Tell us when you were last amazed, astonished, or awed? Charm us with the whole sucking story (charm from the Latin carmen “to sing”).
~For work, I drive a lot through the rural, Texas panhandle. I'm like most people, coping with sitting still by myself for hours by listening to podcasts, music, and audiobooks. The landscape is almost always a flat, treeless horizon, and there isn't much to look at except the straight ribbon of highway. In my best moments, I remember that being able to see this place is a gift overlooked by most people and I try to give it language. And sometimes, a little crack in the horizon glimmers. One afternoon, on the stretch of highway between Dalhart and Stratford--a stretch the Joads passed through on their way to California--I saw the gift: a sculpture made by a farmer in the middle of nowhere. Here's the poem that came from that (published earlier this year by New Verse Review).
Stratford-upon-Nothing
Highway 54, SW of Stratford, Texas, pop. 1886
Seventy miles at seventy miles-an-hour
lullabied by sunlight, tiresong, and wind.

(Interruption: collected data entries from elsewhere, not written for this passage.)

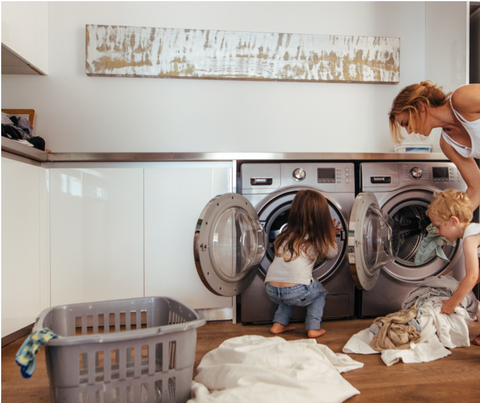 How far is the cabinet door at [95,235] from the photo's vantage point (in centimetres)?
209

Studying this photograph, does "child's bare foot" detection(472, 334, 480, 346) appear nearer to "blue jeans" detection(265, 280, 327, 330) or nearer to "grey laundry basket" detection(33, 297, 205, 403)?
"blue jeans" detection(265, 280, 327, 330)

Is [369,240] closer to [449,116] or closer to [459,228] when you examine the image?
[459,228]

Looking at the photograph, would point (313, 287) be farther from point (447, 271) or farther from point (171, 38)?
point (171, 38)

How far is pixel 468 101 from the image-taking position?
5.60 ft

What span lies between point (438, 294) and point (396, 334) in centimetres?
40

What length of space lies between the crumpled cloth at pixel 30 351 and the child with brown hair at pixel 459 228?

There’s not stitch nor sign of civilization
except the highway and highline of wires;
or save the waves of native short grass plains
carved into squares by five-line barbed-wire
four fathers ago then quietly maintained.
Those slide by at eye-level, parallel
lines laid on lines, as though a book were tipped
on end and the reader tasked to discern
the meaning of some dozen or sixteen lines
by the inked letters’ mere elevations.
Where the highway comes at you and at your
eye, and your eye finds no distance in the land
on which to land as all lines converge and blur,
there is a farmer who was only patroned
by tenuous contact with humanity,
holed up in his shop, woodstove roaring
with the winter wind in his chimney.
Taken with a vision of fortifying
the broke down frame of a windmill
rebuilt as a forty-foot windvane.
A half-ton, balanced, galvanized tin cobble
like the flipped fuselage of a paper airplane
shorn of its wings, he mounted on a pivot,
so when spring winds come screaming where there is no lee
the invisible hand of God can give it
a spin. Show you where to look and what to see.
Thanks, Seth! Hands on the wheel, man. Hands on the wheel.